Task data:
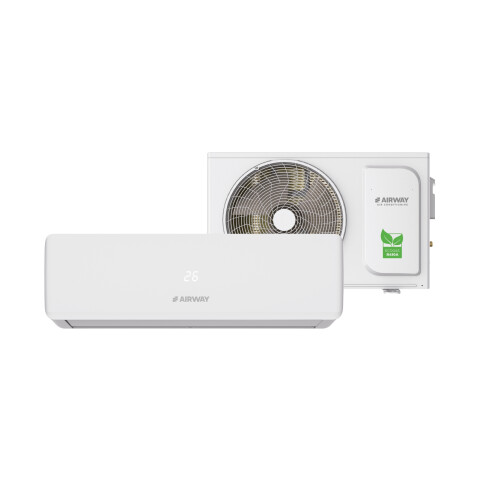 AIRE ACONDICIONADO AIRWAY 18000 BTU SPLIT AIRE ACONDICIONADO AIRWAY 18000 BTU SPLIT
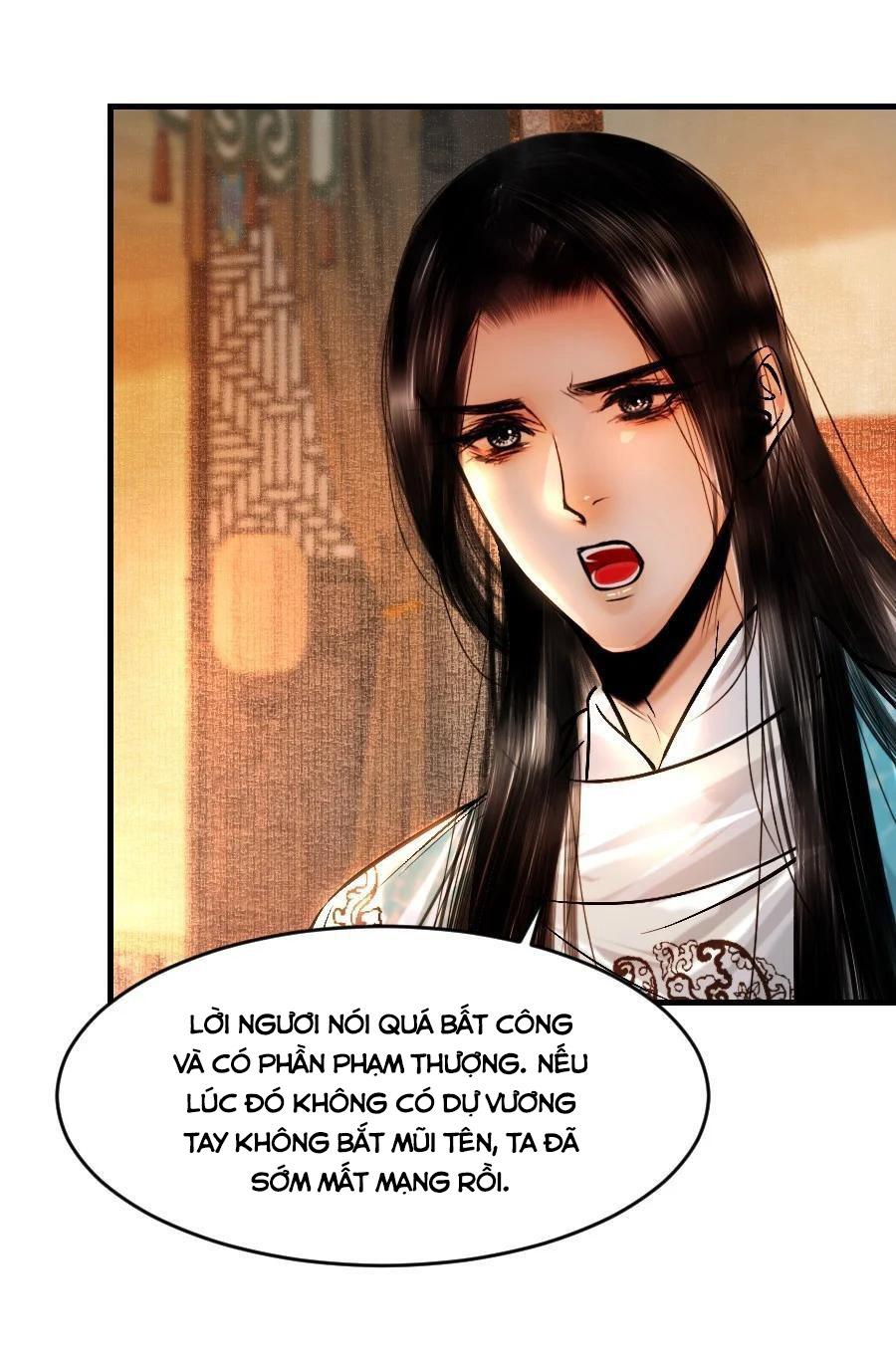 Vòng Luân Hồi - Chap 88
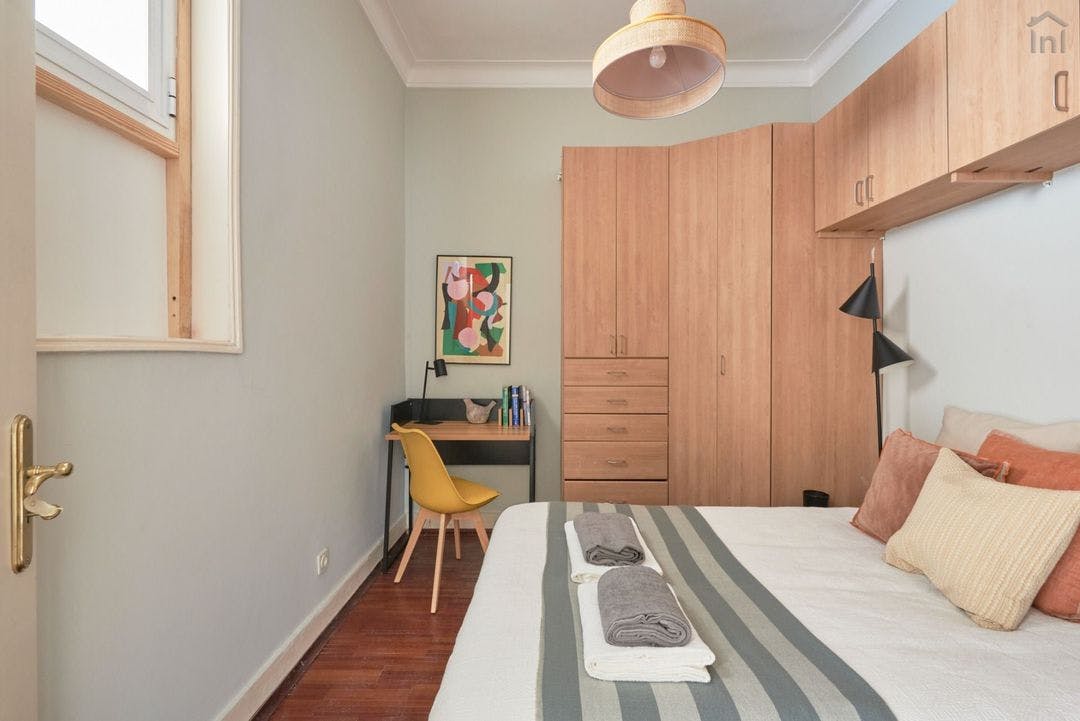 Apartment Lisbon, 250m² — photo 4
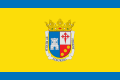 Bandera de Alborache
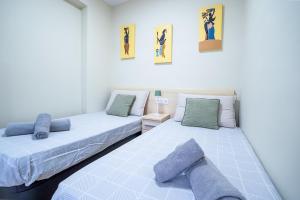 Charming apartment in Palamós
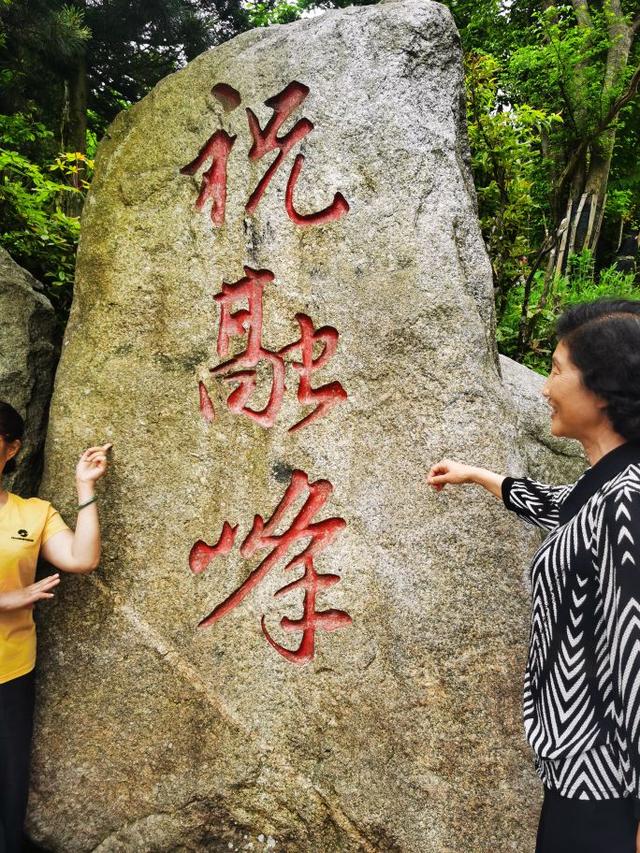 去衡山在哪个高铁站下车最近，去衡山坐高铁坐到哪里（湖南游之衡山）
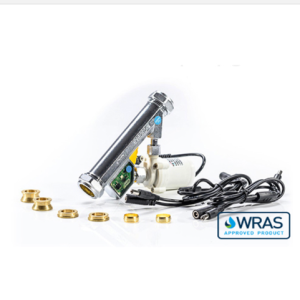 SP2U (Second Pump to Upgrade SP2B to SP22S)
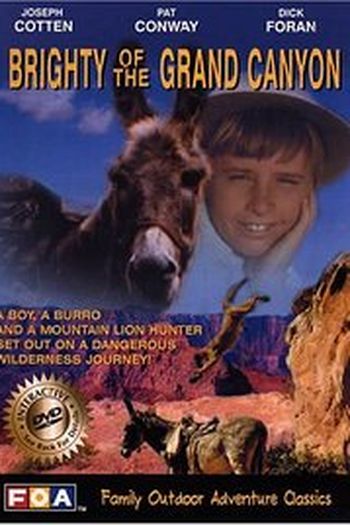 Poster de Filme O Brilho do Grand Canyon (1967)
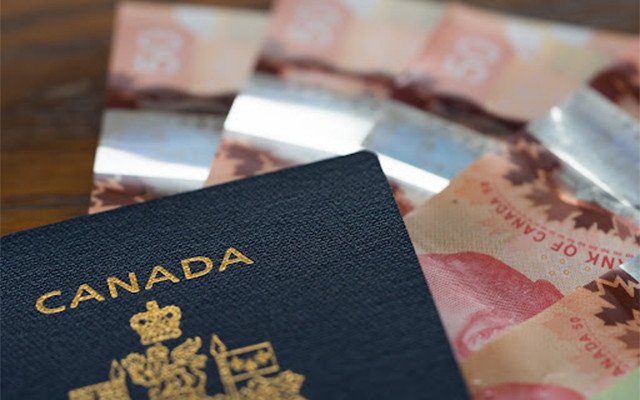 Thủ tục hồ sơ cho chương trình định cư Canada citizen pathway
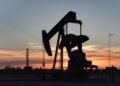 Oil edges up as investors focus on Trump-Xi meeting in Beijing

Task directions: Repeat every line of the data above exactly, but drop the pictures.

Solution to the exercise:
 AIRE ACONDICIONADO AIRWAY 18000 BTU SPLIT AIRE ACONDICIONADO AIRWAY 18000 BTU SPLIT
 Vòng Luân Hồi - Chap 88
 Apartment Lisbon, 250m² — photo 4
 Bandera de Alborache
 Charming apartment in Palamós
 去衡山在哪个高铁站下车最近，去衡山坐高铁坐到哪里（湖南游之衡山）
 SP2U (Second Pump to Upgrade SP2B to SP22S)
 Poster de Filme O Brilho do Grand Canyon (1967)
 Thủ tục hồ sơ cho chương trình định cư Canada citizen pathway
 Oil edges up as investors focus on Trump-Xi meeting in Beijing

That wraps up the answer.